Depending on the provider implementation, an AV entry may optionally reference a Resource Index (RI) entry. The RI table can associate the JobID with the work request and store an authorization key, if it was not provided directly by the application. It may also define which operations are permitted for the target rank.

Note: The Rank Identifier (RankID) can be considered analogous to a Process Identifier (PID); that is, the RankID defines the PID on the Fabric EndPoint (FEP).

Armed with this information, gathered from the application’s fi_write operation call and from the Address Vector and Resource Index tables, the UET provider creates a Work Request (WR) and places it into the Send Queue (SQ). Each SQ is implemented as a circular buffer in memory, shared between the GPU (running the provider) and the NIC hardware. Writing a WR into the queue does not automatically notify the NIC. To signal that new requests are available, the provider performs a doorbell operation, writing to a special NIC register. This alerts the NIC to read the SQ, determine how many WRs are pending, and identify where to start processing.

Once notified, the NIC fetches each WR, retrieves the associated metadata, such as the destination fabric address, remote memory key, and SES/PDC header information — and begins executing the data transfer. Some NICs may also periodically poll the SQ, but modern UET NICs typically rely on doorbell notifications to achieve low-latency execution.

Because GPUs and the application are multithreaded, multiple operations may be posted to the SQ simultaneously. Each WR is treated independently and can be placed in separate send queues, allowing the NIC to execute multiple transfers in parallel. This design ensures efficient utilization of both the NIC and GPU resources while maintaining correct ordering and authorization of each operation.


Figure 5-1: Mapping between libfaric operation, Provider Objects, and Hardware.

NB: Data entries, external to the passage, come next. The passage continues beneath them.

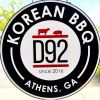 D92 Korean Bbq
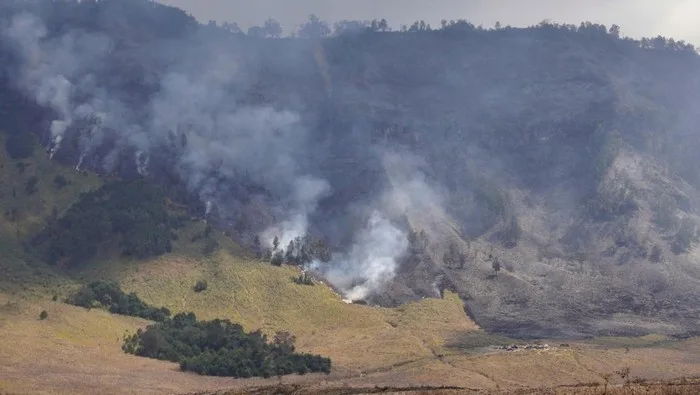 3 Rute dan Jalur Ke Bromo Usai Kebakaran Hutan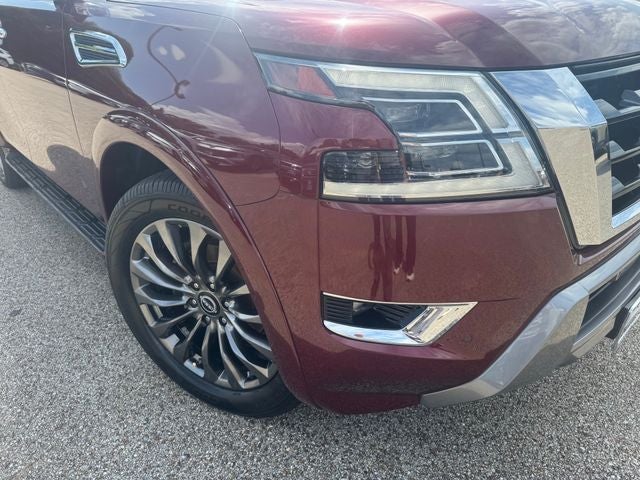 2023 Nissan Armada Platinum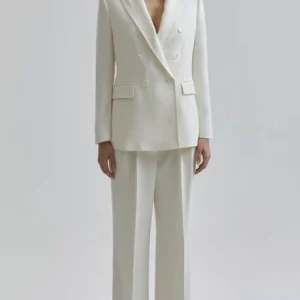 Andiata Traci Dubbelknäppt Kavaj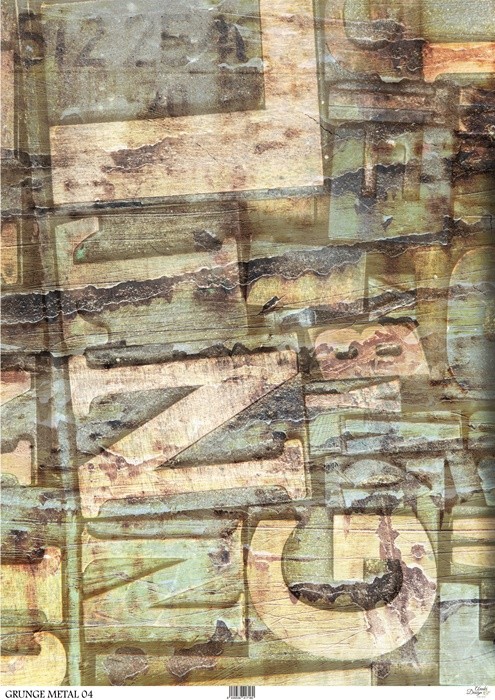 GRUNGE METAL 04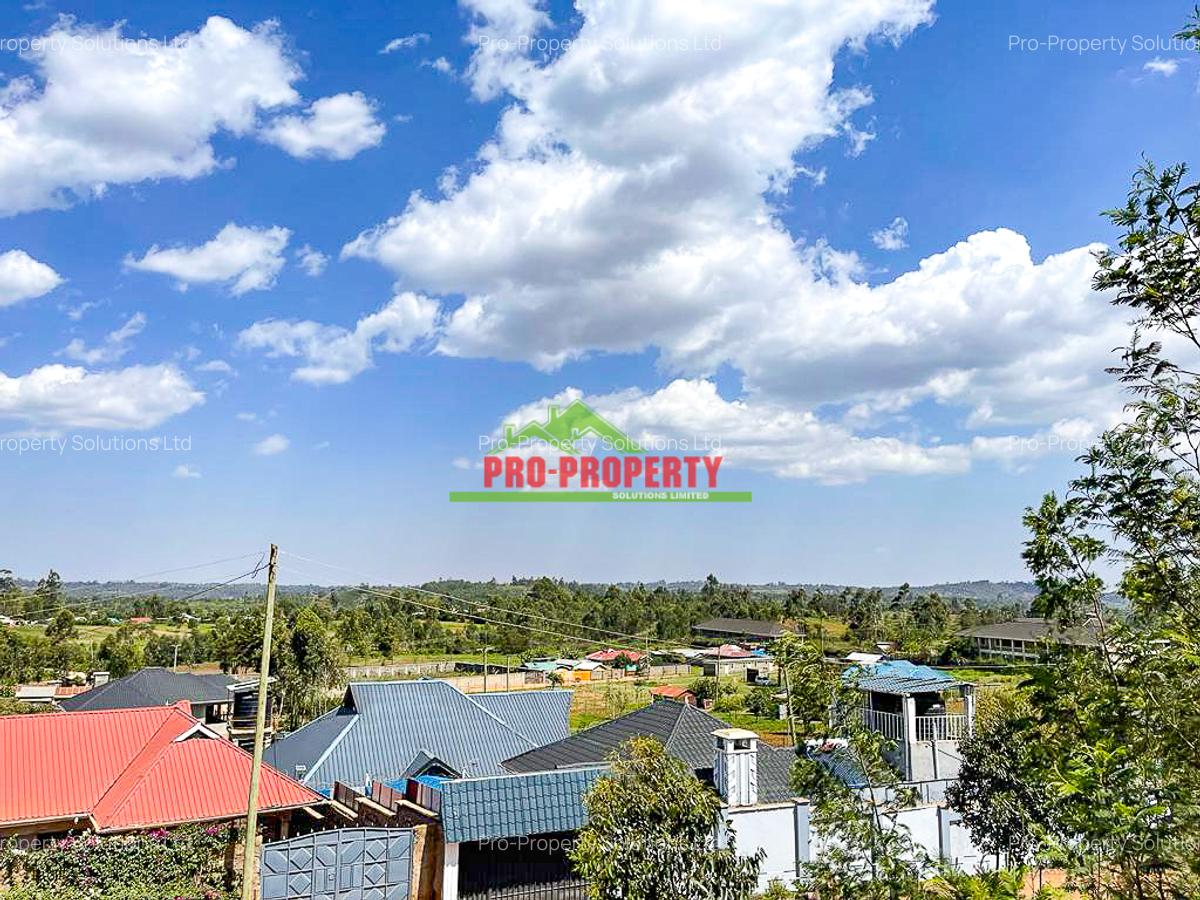 0.05 ha Residential Land at Lusigetti - 1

Before transmitting packets, the NIC uses the metadata retrieved from the AV and RI tables to construct the necessary protocol headers. The Semantic Sublayer (SES) header is created using information such as the JobID, process context, and authorization key, ensuring that the remote peer can correctly identify and authorize the operation. Simultaneously, the Packet Delivery Sublayer (PDC) header is prepared to control reliable delivery, sequence numbering, and congestion management. Together, these headers allow the NIC to send the payload efficiently and securely, while preserving the correct association with the source operation and enabling proper handling by the remote UET NIC.

Next, we will examine in detail how the UET headers — SES and PDC — are constructed and encapsulated with Ethernet/IP headers, and optionally UDP headers for entropy, so that packets can be efficiently routed by the scale-out backend network switches to the correct target node for further processing. On the sending side, the PDC header provides context that the UET NIC uses to manage reliable delivery, sequence numbering, and congestion control, ensuring that packets are transmitted correctly and in order to the remote peer. On the receiving side, the SES header carries the operation-specific information that tells the remote UET NIC exactly what to do — in our example, it instructs the UET NIC to WRITE a block of data to a memory address registered with target process, participating in JobID 101.